Truncates passwords at 72 bytes

check_password() dispatches on the algorithm prefix embedded in the stored hash, so it authenticates correctly across schemes. Hashes stored under the previous algorithm remain valid after a switch; rows are re-hashed with the new algorithm only when the user next sets a password, enabling seamless scheme migration without a bulk re-hash.

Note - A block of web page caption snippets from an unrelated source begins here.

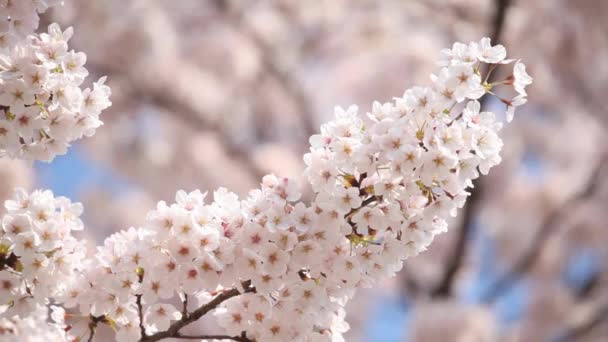 Piękny Kwiat Wiśni Pełnym Rozkwicie Sakura Wiosnę Nad Błękitnym Niebem — Wideo stockowe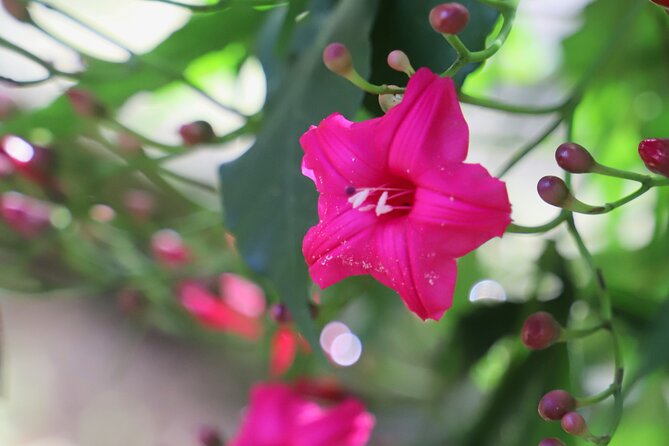 Waimea Valley Waterfall Swim & Dole Plantation Tour with Lunch - Green World Coffee Farm: your low-stress morning start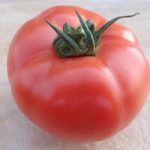 pomidor HTP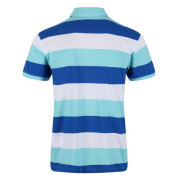 Herren-T-Shirt Regatta Maxen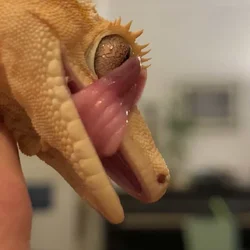 Crested Gecko + Terrarium and Supplies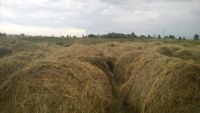 Лот: 8103902. Фото: 2. сено в рулонах. Животные и уход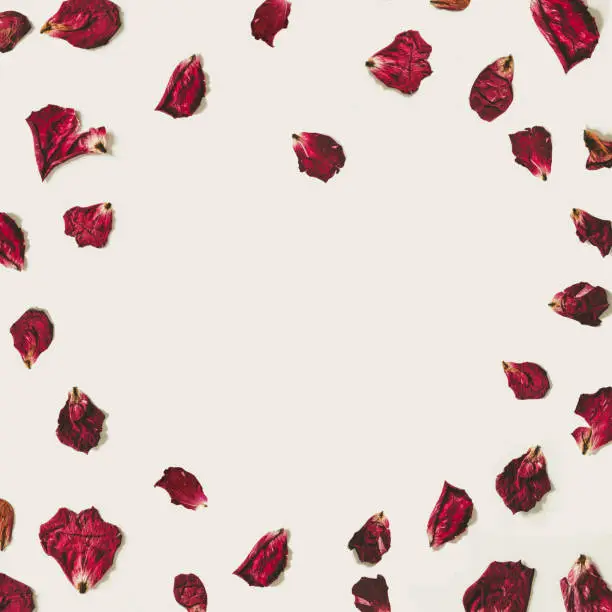 Photo of Heart shape rose petals with copy space, on white backgrounds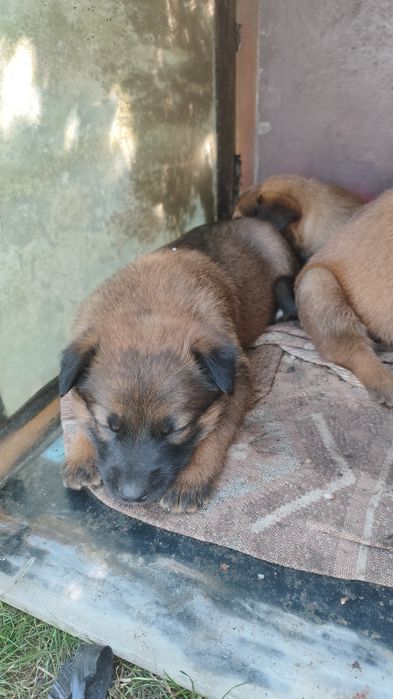 Песики Цуценята Бельгійської  вівчарки  щенки Малінуа  1.5міс
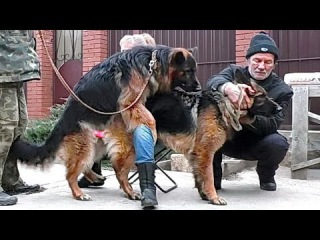 Ждём Щенков. Вязка Лады и Дагира. Mating dogs. Lada and Dagir. Одесса.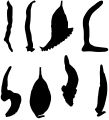 Silhouettes of bodies of 8 species of polyopisthocotylean monogeneans, all asymmetrical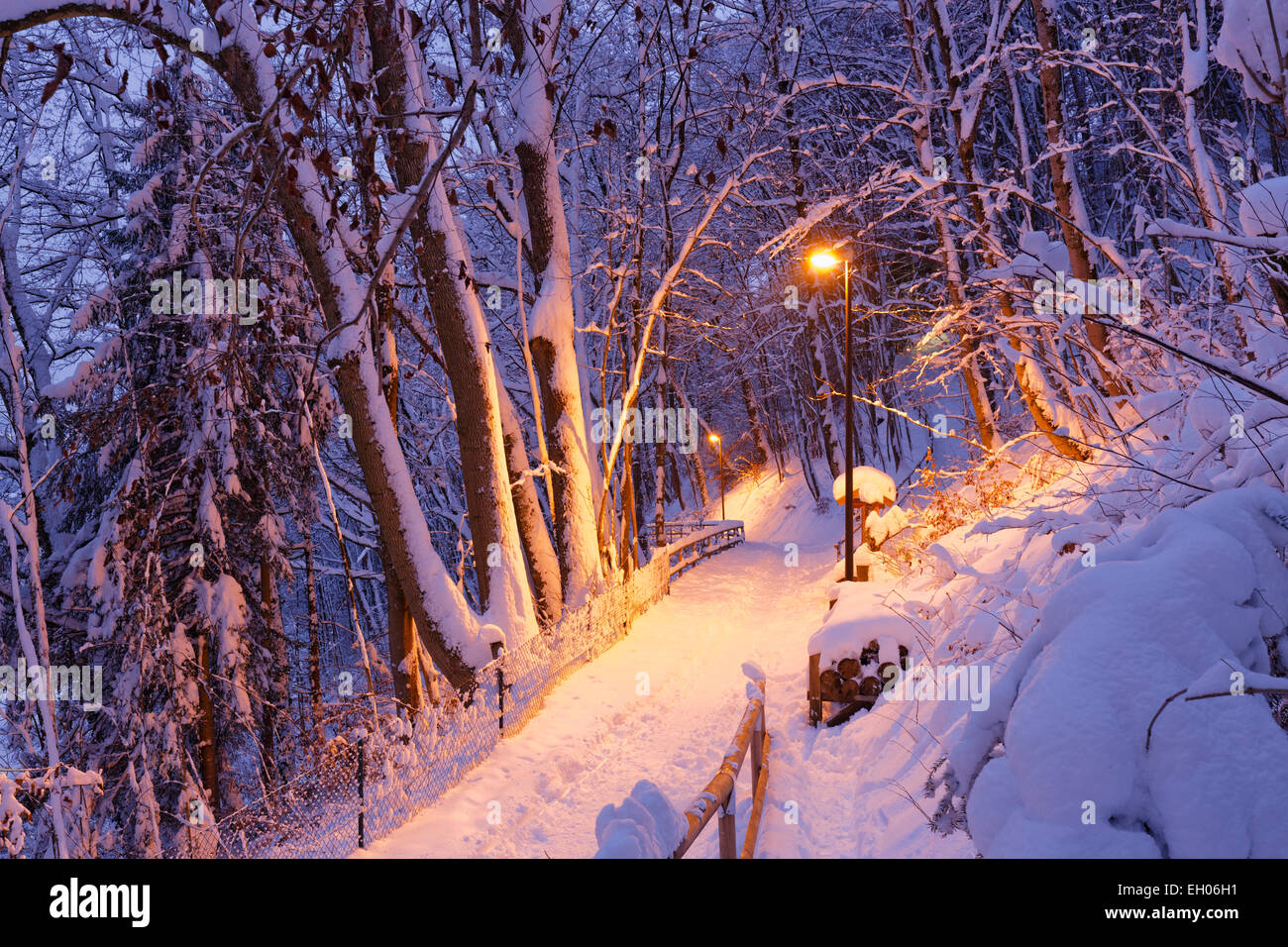 Alemania, Baviera, Wolfratshausen, ruta iluminada en invierno bosque Foto de stock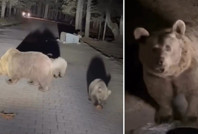 Ayıları görmek için hayatını riske attı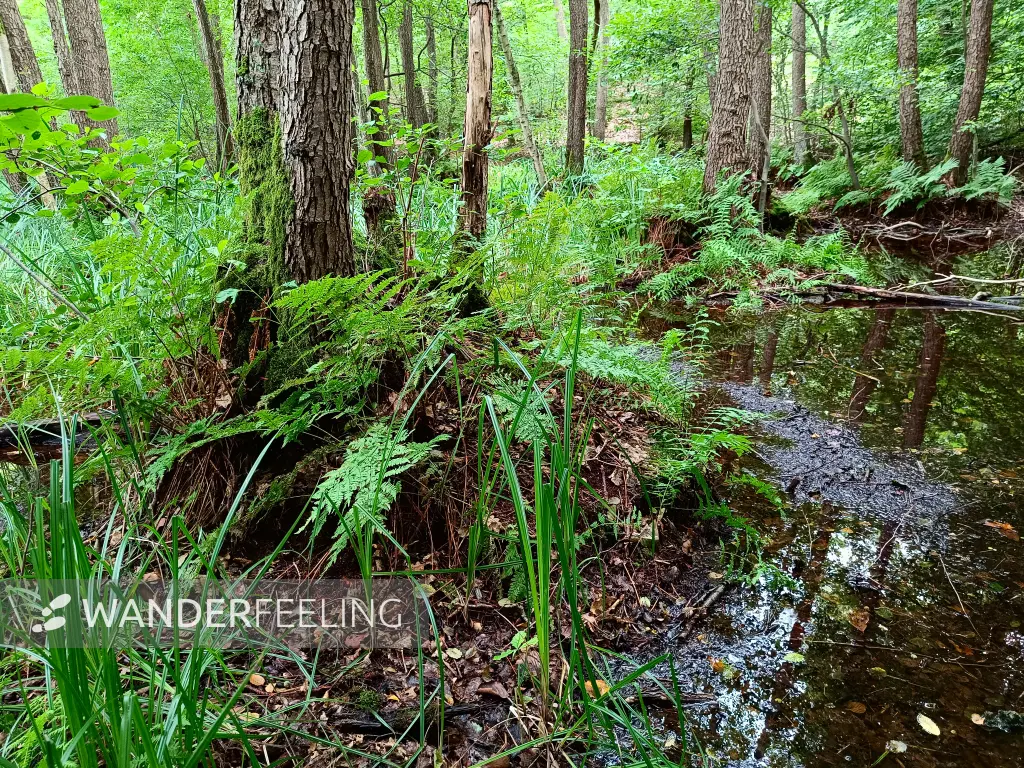 202508020-31 - Bruchwald bei Waldsieversdorf, Märkische Schweiz, Seenland Oder-Spree, Brandenburg, Deutschland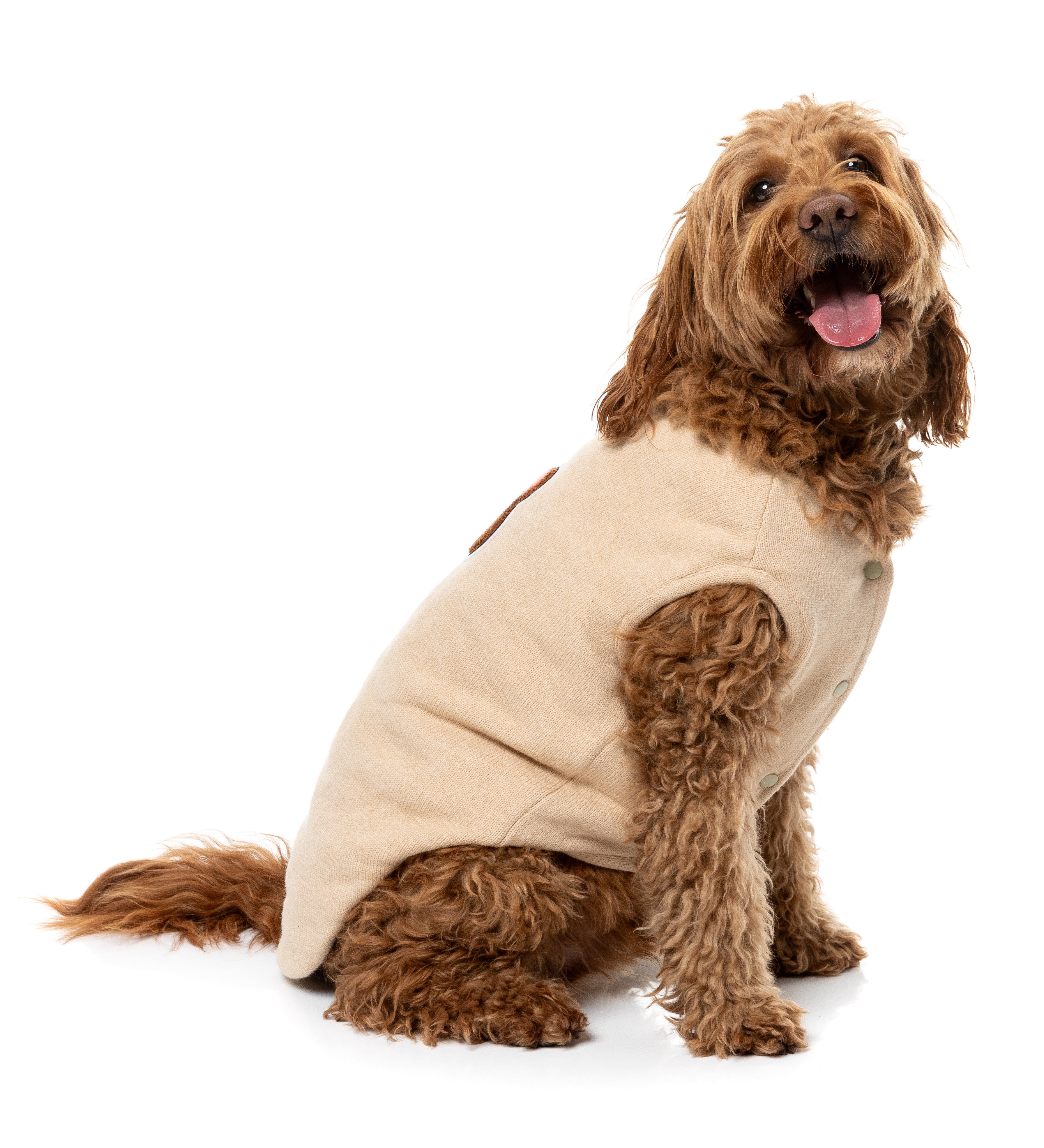 Fuzzbear Knit - Beige
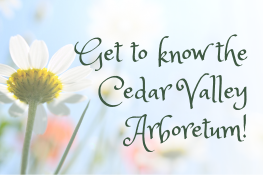 Get to know the Cedar Valley Arboretum!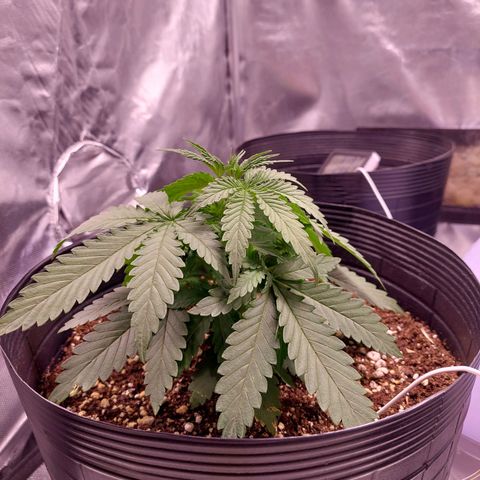 Mazine lemon haze growlog photo: Crescendo forte 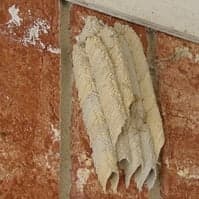 mud dauber nest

To restore the default, call reset_password_hashing().

Numeric types

Type

Validation / behaviour

Storage

Bounded(min, max)

Inclusive range check

BIGINT

Positive

>= 1

BIGINT

NonNegative

>= 0

BIGINT

Percent

0-100 inclusive

BIGINT

Money(scale=2)

Stored as integer minor units, read as Decimal

BIGINT

RoundedDecimal(places=2)

Fixed-precision decimal with ROUND_HALF_EVEN

NUMERIC(38, places)

Temporal types

Type

Behaviour

Storage

DateTimeTz

Timezone-aware datetime

TIMESTAMPTZ

Date

Date only

DATE

Time

Time only

TIME

UnixTimestamp

Stores as integer, returns datetime

BIGINT

CreatedAt

Auto-set on insert

TIMESTAMPTZ

UpdatedAt

Auto-updated on every write

TIMESTAMPTZ

Special types

Type

Behaviour

JSON

JSONB column with optional Pydantic schema validation

Array[T]

PostgreSQL array with element typing

Encrypted

Transparent AES encryption before write, decryption on read

Enum

Python enum.Enum with auto-created PostgreSQL ENUM type


Eager validation

Every assignment to a field triggers the field type’s validate() method. This happens at construction time (User(email="bad")) and on bare attribute assignment (user.email = "bad"):

from alchemiq.exceptions import ValidationError

user = User(id=1, name="Ada", email="not-an-email")
# raises ValidationError immediately

user = User(id=1, name="Ada", email="ada@example.com")
user.email = "bad"   # also raises ValidationError

Native Mapped[...] = mapped_column(...) columns are the one exception - they carry no eager validation (they are an escape hatch whose correctness is the caller’s responsibility).


The Meta class

Place an inner class Meta on your model to configure behaviour flags, indexes, and constraints:

from alchemiq.model.meta_options import Index, Unique, Check

class Article(Model):
    id: PK[int]
    slug: str
    author_id: int
    published_at: DateTimeTz

    class Meta:
        soft_delete = True      # adds deleted_at; enables restore / hard_delete
        timestamps  = True      # adds created_at / updated_at automatically
        versioned   = True      # adds _version; enables optimistic locking -> 409
        outbox      = True      # captures mutations for the transactional outbox
        table_name  = "articles"
        schema      = "content"
        indexes     = [Index("slug", unique=True), Index("author_id")]
        constraints = [Unique("slug", "author_id"), Check("published_at IS NOT NULL")]

Behaviour flags:

Flag

Effect

soft_delete

Injects deleted_at TIMESTAMPTZ NULL; all queries exclude soft-deleted rows

timestamps

Injects created_at and updated_at with auto-set / auto-update

versioned

Injects _version BIGINT; update/delete with a stale version raises ConcurrentModificationError (409)

outbox

All mutations are captured for the transactional outbox pattern

Table configuration:

Option

Effect

abstract

Make a base/mixin model that creates no table of its own (see below)

table_name

Override the auto-derived snake_case table name

schema

Place the table in a named PostgreSQL schema

indexes

List of Index(*columns, unique=False) DDL indexes

constraints

List of Unique(*columns) or Check(expression) constraints

Abstract base models

Set Meta.abstract = True to declare a base (or mixin) model that defines fields and flags for subclasses to inherit, but maps to no table of its own:

class Auditable(Model):
    class Meta:
        abstract = True
        timestamps = True   # inherited by every concrete subclass

class Article(Auditable):
    id: PK[int]
    title: str
    # gets created_at / updated_at from Auditable; only Article maps to a table

Flags and fields declared on an abstract base are inherited by all concrete subclasses; only the concrete subclasses produce database tables.